I have a small unfinished walk-in attic in my house in NY. It shares a wall
with an upstairs bedroom as well as part of the hallway. There is a small
double-hung wooden window at the far end of the attic space that I keep
partly open for ventilation purposes. The walls and ceiling (which is the
underside of the roof) had foil-faced insulation put in between the joists
by the previous owner (for whatever reason).
I have black roofing tiles on and the inside temperature during the summer
months is quite high. Sometimes I even put a dual fan in the attic window
for a few hours (on a thermostst) to exhaust the inside air.

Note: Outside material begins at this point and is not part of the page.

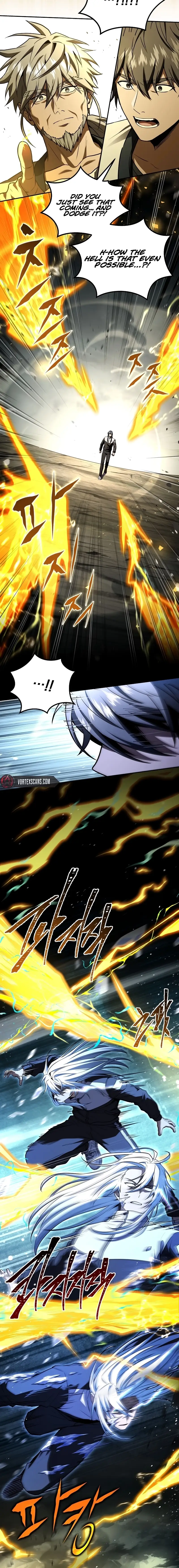 Read The Frozen Player Returns EN Manga Online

I was thinking of maybe putting in a roof vent or even one of those turbine
fans on the roof.
They get installed on LOTS of homes along the Gulf Coast for that very
reason, to help pull air OUT of a HOT attic. For Attics, ridge and
soffit vents seem to be a better solution to that problem,
In NY, you will need a way to wrap the turbine in the winter, and/or put
up a interior barrier to keep the cold winds out.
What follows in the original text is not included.